For the purpose of computing the net profit (loss) per
unit, the net profit (loss) for the period is allocated 99%
to the limited partners and 1% to the General Partner.
3. Additional Information
Additional information, including the audited year end
1995 Financial Statements and the Summary of Significant
Accounting Policies, is included in the Partnership's Annual
Report on Form 10-K for the year ended December 31, 1995 on
file with the Securities and Exchange Commission.
<PAGE>
Management's Discussion and Analysis of Financial Condition
and Results of Operations
a. Financial Condition
The Partnership has fully satisfied its commitment to
contribute funds to (i) the Tri-Star Joint Venture and to
Columbia for the production of, and acquisition of SF
Interests in, films and (ii) the Tri-Star Joint Venture for
PF Interests in films.
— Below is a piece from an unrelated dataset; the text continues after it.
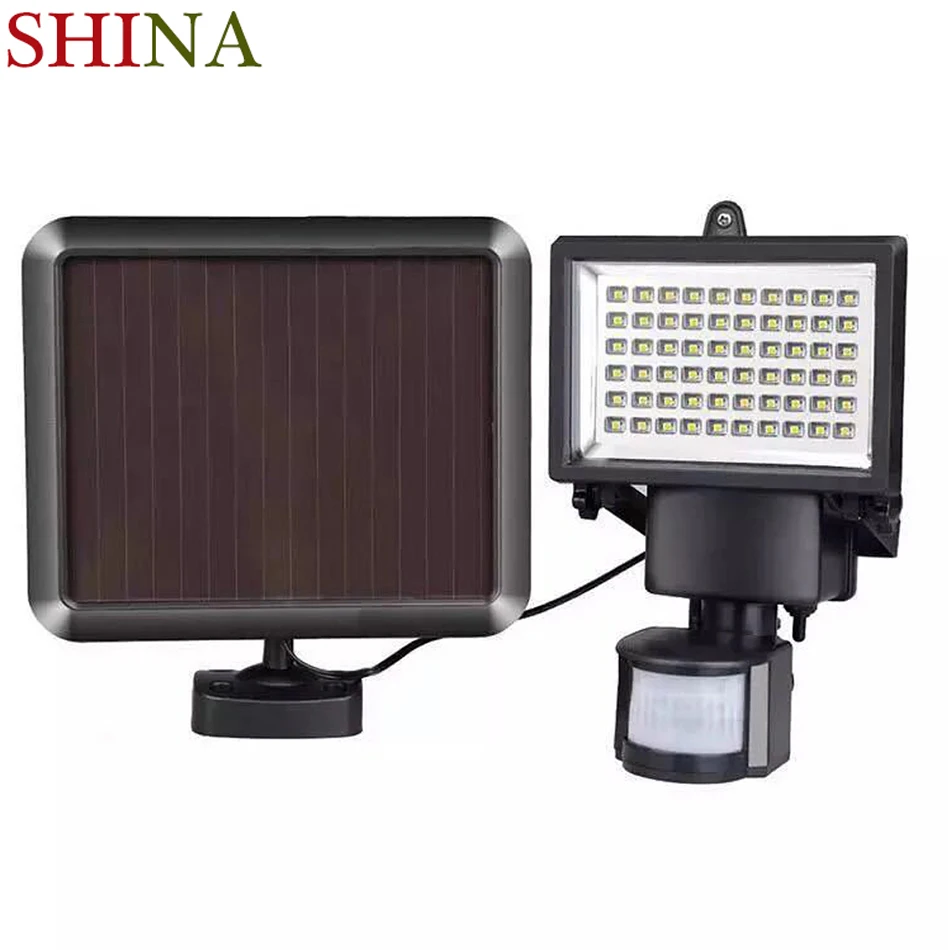 120LED Solar Light Garden Outdoor Security Floodlight Wireless Solar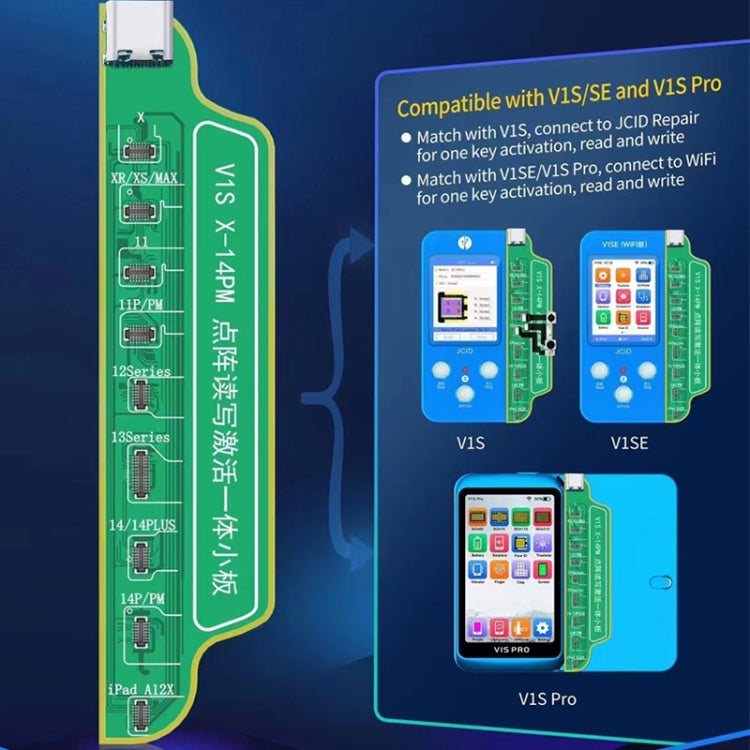 JC V1SE Testing Repair Battery Board For iPhone 6-14 Pro Max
As of March 31, 1996, the
Partnership held cash of approximately $78,000 and short-
term investments of approximately $696,000.
The Partnership commenced cash distributions to its
partners in December 1987. Distributions through March 31,
1996 to the limited partners have aggregated $2,965 per unit
(59.3% of the limited partners' original investment in the
Partnership). The Partnership anticipates making its next
cash distribution to its partners in December 1996.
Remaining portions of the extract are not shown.